In the present case, by taxing resident companies on their worldwide profits and non-resident companies solely on the profits from their activities in that state, the parent company's member state was acting in accordance with the principle of territoriality enshrined in international tax law and recognised by Community law. However the fact that it did not tax the profits of the non-resident subsidiaries of a parent company established on its territory did not in itself justify restricting group relief to losses incurred by resident companies. In order to ascertain whether such a restriction was justified, it was necessary to consider what the consequences would be if an advantage such as in this case were to be extended unconditionally. A reduction in tax revenue could not be regarded as an overriding reason in the public interest which might be relied on to justify a measure which was in principle contrary to a fundamental freedom. Nonetheless the preservation of the allocation of the power to impose taxes between member states might make it necessary to apply to the economic activities of companies established in one of those states only the tax rules of that state in respect of both profits and losses. In effect, to give companies the option to have their losses taken into account in the member state in which they were established or in another member state would significantly jeopardise a balanced allocation of the power to impose taxes between member states, as the taxable basis would be increased in the first state and reduced in the second to the extent of the losses transferred.

Risk of tax avoidance

As regards the danger that losses would be used twice, it had to be accepted that member states should be able to prevent that from occurring. Such a danger did in fact exist if group relief was extended to the losses of nonresident subsidiaries. It was avoided by a rule which precluded relief in respect of those losses.
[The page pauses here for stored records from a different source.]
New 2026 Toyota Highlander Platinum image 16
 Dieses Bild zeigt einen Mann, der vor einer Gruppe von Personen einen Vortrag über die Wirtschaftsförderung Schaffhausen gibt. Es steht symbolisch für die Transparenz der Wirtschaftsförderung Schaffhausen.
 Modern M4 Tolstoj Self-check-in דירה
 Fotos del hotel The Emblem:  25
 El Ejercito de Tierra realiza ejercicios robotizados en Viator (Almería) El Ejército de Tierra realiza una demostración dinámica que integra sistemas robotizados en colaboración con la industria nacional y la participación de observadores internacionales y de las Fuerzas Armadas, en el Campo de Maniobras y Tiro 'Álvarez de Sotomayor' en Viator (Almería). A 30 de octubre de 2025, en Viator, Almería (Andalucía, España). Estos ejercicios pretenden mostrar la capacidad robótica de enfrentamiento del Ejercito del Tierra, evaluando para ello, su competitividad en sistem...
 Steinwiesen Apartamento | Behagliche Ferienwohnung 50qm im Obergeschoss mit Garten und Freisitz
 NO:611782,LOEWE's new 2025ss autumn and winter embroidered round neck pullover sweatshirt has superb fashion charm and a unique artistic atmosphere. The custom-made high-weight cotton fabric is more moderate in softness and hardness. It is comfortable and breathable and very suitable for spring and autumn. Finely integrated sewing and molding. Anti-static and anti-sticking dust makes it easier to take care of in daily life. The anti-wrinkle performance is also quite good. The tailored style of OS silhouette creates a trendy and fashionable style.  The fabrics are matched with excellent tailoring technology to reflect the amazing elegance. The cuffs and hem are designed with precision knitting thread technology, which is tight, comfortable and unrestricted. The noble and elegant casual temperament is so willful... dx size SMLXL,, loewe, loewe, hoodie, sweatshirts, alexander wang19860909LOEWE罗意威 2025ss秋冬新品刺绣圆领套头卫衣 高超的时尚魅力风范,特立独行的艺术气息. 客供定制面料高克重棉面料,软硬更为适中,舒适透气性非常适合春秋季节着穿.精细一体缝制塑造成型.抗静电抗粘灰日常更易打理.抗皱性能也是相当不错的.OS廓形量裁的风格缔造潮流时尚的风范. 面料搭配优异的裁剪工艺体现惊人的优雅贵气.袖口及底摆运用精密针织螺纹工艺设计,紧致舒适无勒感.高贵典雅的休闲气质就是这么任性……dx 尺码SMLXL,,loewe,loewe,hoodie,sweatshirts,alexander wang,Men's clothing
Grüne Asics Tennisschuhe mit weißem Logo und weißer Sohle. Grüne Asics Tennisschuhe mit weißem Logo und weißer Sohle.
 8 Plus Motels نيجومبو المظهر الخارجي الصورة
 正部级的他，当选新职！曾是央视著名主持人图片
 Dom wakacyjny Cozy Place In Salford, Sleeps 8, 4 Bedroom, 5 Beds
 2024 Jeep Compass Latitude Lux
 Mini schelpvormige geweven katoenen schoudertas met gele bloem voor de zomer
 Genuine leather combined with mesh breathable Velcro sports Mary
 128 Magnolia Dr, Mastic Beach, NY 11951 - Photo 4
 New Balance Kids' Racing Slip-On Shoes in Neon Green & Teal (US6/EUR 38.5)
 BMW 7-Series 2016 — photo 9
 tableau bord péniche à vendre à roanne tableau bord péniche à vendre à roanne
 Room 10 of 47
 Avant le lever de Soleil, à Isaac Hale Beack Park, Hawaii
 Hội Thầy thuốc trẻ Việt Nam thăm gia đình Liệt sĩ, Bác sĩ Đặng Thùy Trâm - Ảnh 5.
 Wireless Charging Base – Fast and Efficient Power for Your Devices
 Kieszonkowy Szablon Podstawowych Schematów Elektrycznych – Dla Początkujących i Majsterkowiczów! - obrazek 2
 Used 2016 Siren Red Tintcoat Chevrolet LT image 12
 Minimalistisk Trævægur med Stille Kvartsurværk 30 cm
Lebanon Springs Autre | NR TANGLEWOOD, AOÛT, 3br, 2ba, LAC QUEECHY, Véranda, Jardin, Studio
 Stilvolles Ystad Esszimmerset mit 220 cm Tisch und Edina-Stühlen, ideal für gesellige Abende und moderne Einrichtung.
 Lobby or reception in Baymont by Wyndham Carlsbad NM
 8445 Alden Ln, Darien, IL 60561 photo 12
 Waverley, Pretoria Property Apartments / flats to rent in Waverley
As regards the risk of tax avoidance, it had to be accepted that the possibility of transferring the losses incurred by a nonresident company to a resident company entailed the risk that, within a group of companies, losses would be transferred to companies established in the member states which applied the highest rates of taxation and in which the tax value of the losses was therefore the highest. To exclude group relief for losses incurred by non-resident subsidiaries prevented such practices, which might be inspired by the realisation that the rates of taxation applied in the various member states varied significantly.

Restrictive measures in this case went beyond what was necessary

Restrictive provisions such as in the present case pursued legitimate objectives which were compatible with the Treaty and constituted overriding reasons in the public interest and were apt to ensure the attainment of those objectives. However the court considered that these restrictive measure went beyond what was necessary to attain the essential part of the objectives pursued. Where, in one member state, the resident parent company demonstrated to the tax authorities that the conditions for relief were fulfilled, it was contrary to art. 43 EC and 48 EC to preclude the possibility for the parent company to deduct from its taxable profits in that member state the losses incurred by its non-resident subsidiary. It was important to note that member states were free to adopt or to maintain in force rules having the specific purpose of precluding from a tax benefit wholly artificial arrangements whose purpose was to circumvent or escape national tax law. Furthermore, in so far as it might be possible to identify other, less restrictive measures, such measures in any event required harmonisation rules adopted by the Community legislature.

European Court of Justice (Grand Chamber).

Judgment delivered 13 December 2005.